# Not sure why



## ziggyross (Sep 21, 2013)

Okay so I have made some bubble a couple of times over the last few months. I used the same product and methods for making it each time. The first time the bubble came out dark and it was like play dough, never dried out completely.
The second time it came out it was sand colored and dried out in a day and can be crushed to a fine powder.

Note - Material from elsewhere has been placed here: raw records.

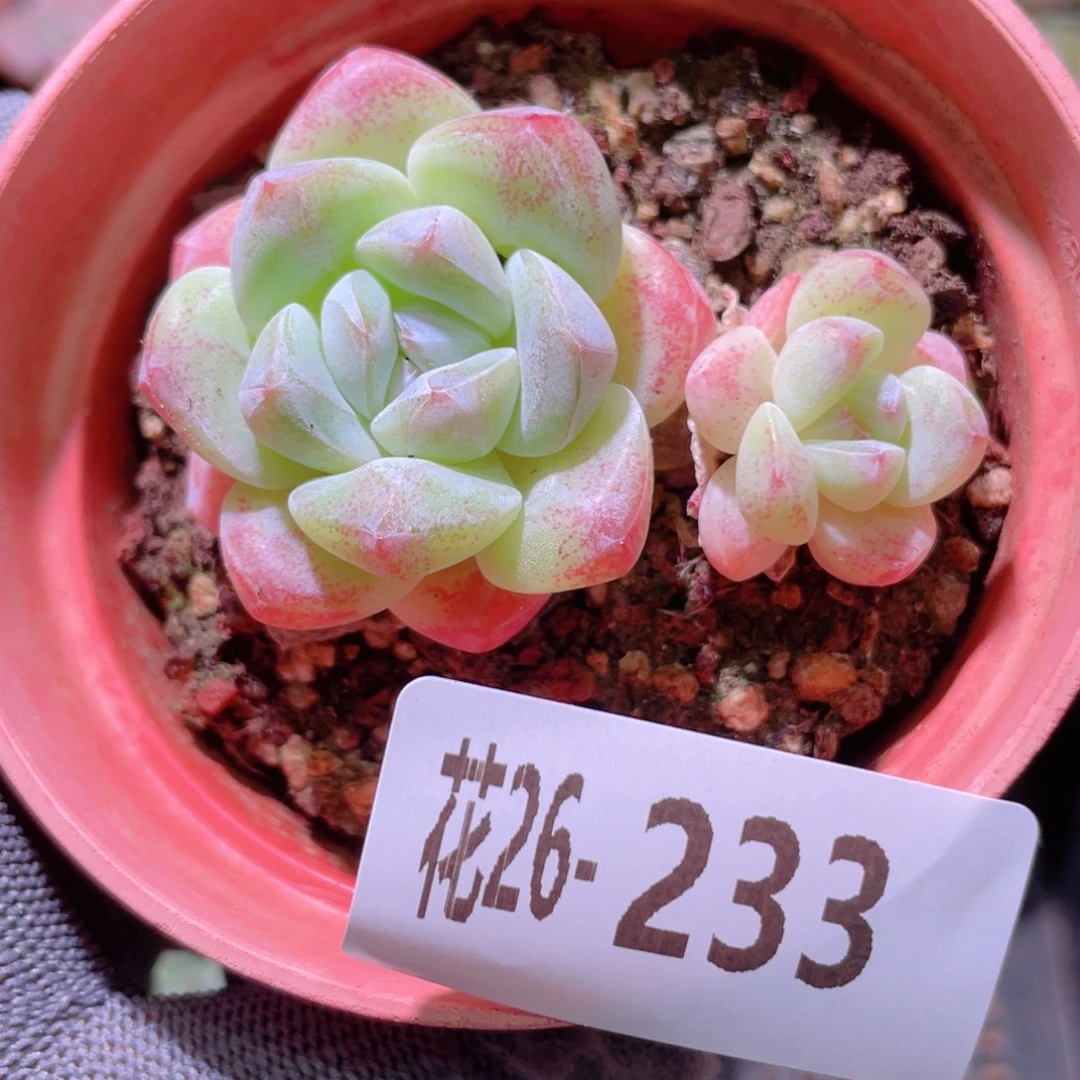 花利美26-233冰玉
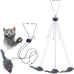 Kalimdor Retractable Interactive Cat Toys, Teaser Toy for Indoor Cats Kitten Play Chase Exercise (2 Pack)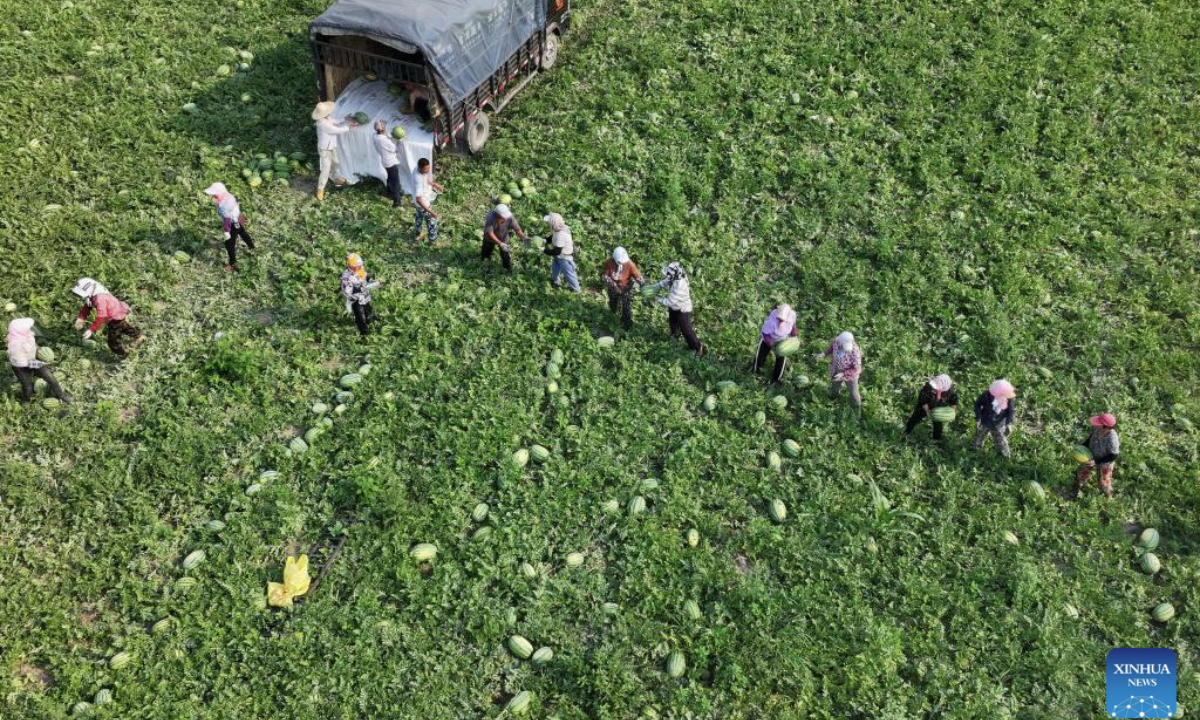 An aerial drone photo taken on July 9, 2025 shows farmers harvesting watermelons in a field in Dawuzhuanghu Village of Dongtianzhuang Town in Fengnan District, Tangshan City, north China's Hebei Province. In recent years, Fengnan District of Tangshan has guided local villages to cultivate specialty crops such as potatoes, watermelons, and tomatoes based on local conditions. This initiative aims to transform traditional agriculture into specialized and high-efficiency agriculture, enhancing agricultural productivity and increasing farmers' income, thereby contributing to rural revitalization. (Xinhua/Yang Shiyao)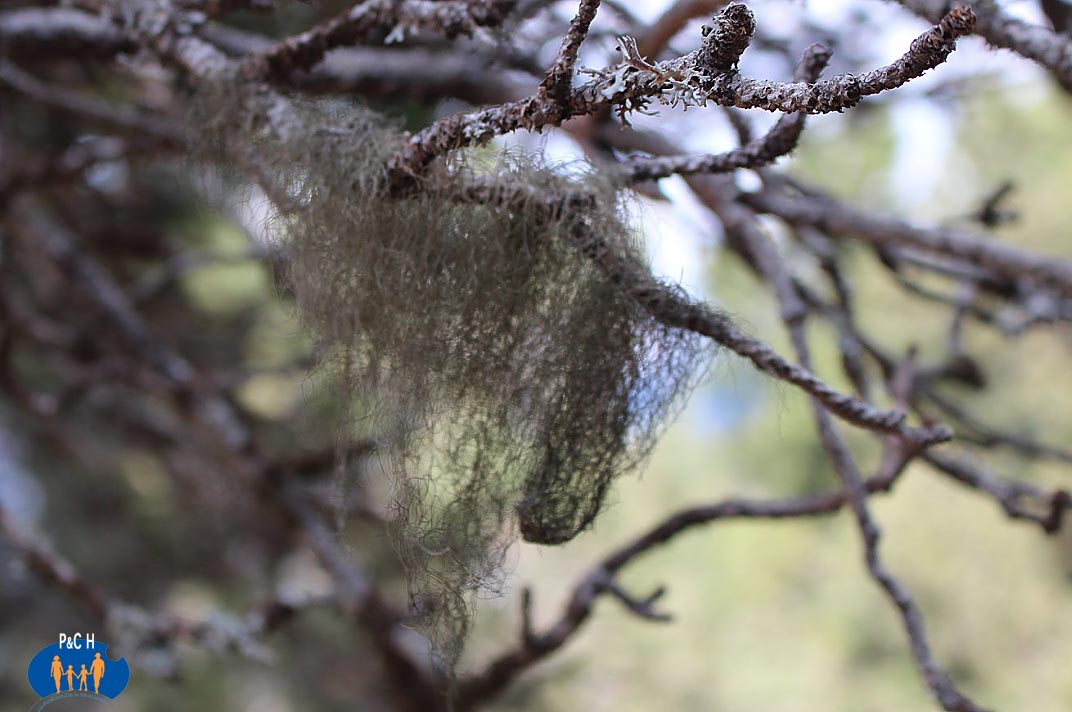 1728 Lichens chevelus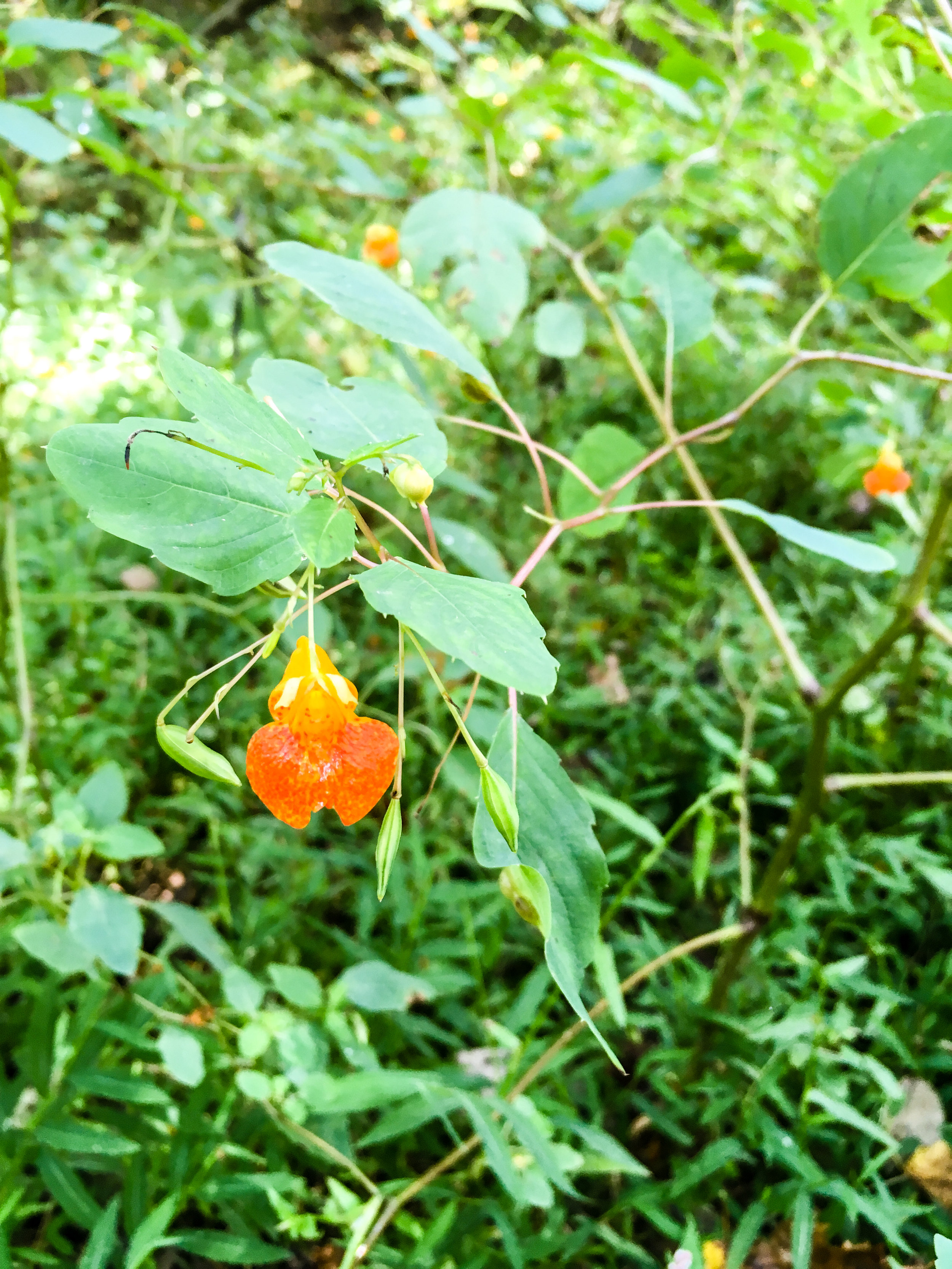 Jewelweed, September 23, 2017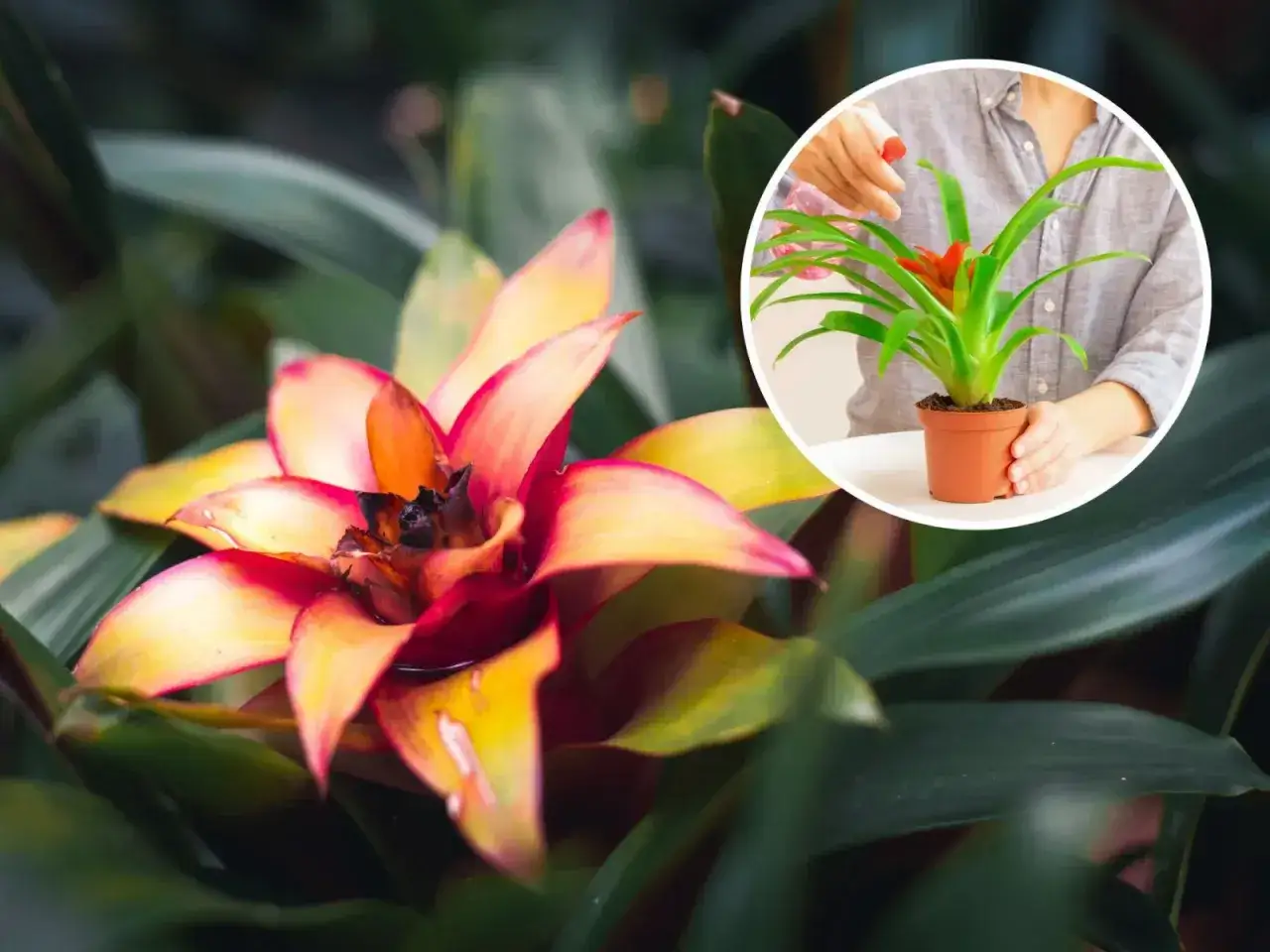Kolorowa bromelia, jak dbać o nią, by pięknie rosła. Delikatne zraszanie zapewni jej wilgoć.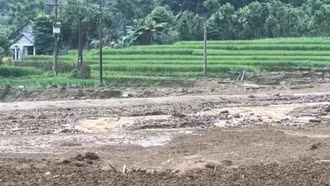 Mức hỗ trợ thiệt hại lúa và cây trồng khác do thiên tai theo nghị định mới của Chính phủ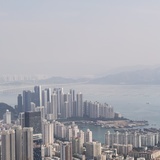江南飞鸿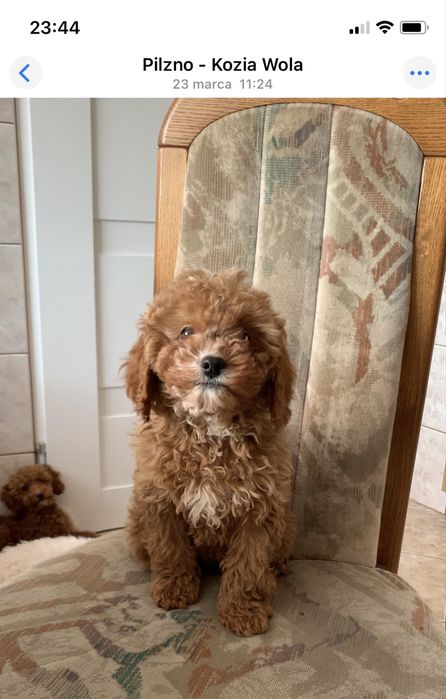Cavapoo f1b cudna ruda sunia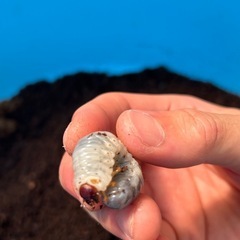 国産カブトムシ（幼虫）
の画像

Can anyone tell me what causes such a big difference.


----------



## ozzydiodude (Sep 21, 2013)

different strain produce different types of thrichsomes that is why bubble comes out so different from batch to batch


----------



## ziggyross (Sep 21, 2013)

ozzydiodude said:
			
		

> different strain produce different types of thrichsomes that is why bubble comes out so different from batch to batch



Ozzie this was from the same plant.


----------



## ozzydiodude (Sep 21, 2013)

The time you harvest can have a effect too. the more mature the fuller the thrich are with essential oils(thc,cbn,cbd) I think the more amber the more sticky the trichisomes are


----------



## ziggyross (Sep 21, 2013)

Hmmm, well maybe the first batch had more bud then fan leaves. They both worked that's all that counts i guess.


----------



## The Hemp Goddess (Sep 21, 2013)

A darker color generally indicates that you have more leaf material in the hash.  That could be what didn't dry out and what caused it to stick together.


----------